■ WORK INSTRUCTIONS ■
The material below holds the lines to copy: from the one with "I Love You Tweetheart!- an" up to and including the one with "Jessie, Filly Foal". Copy them exactly and skip the pictures.

■ EXERCISE MATERIALS ■
*** Block opens ***
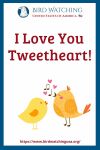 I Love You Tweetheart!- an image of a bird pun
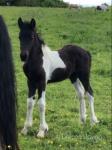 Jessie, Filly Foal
*** Block closes ***
*** Block opens ***
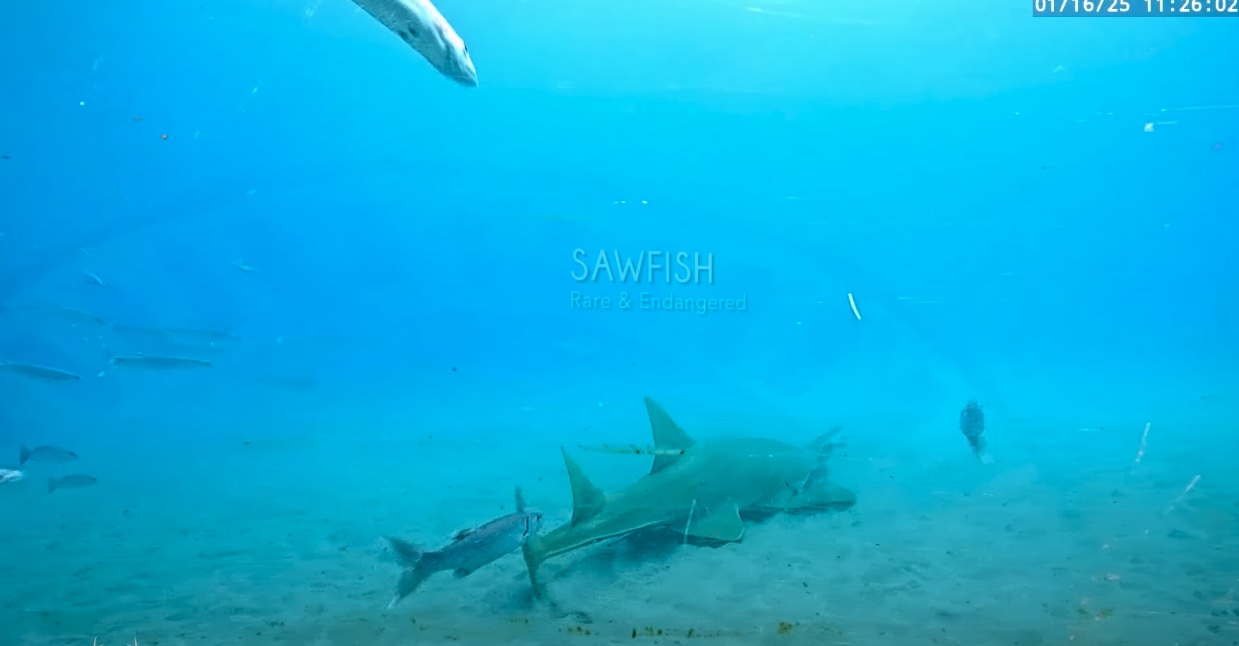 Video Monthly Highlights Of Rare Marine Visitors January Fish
*** Block closes ***
■ ANSWER SPACE ■
 I Love You Tweetheart!- an image of a bird pun
 Jessie, Filly Foal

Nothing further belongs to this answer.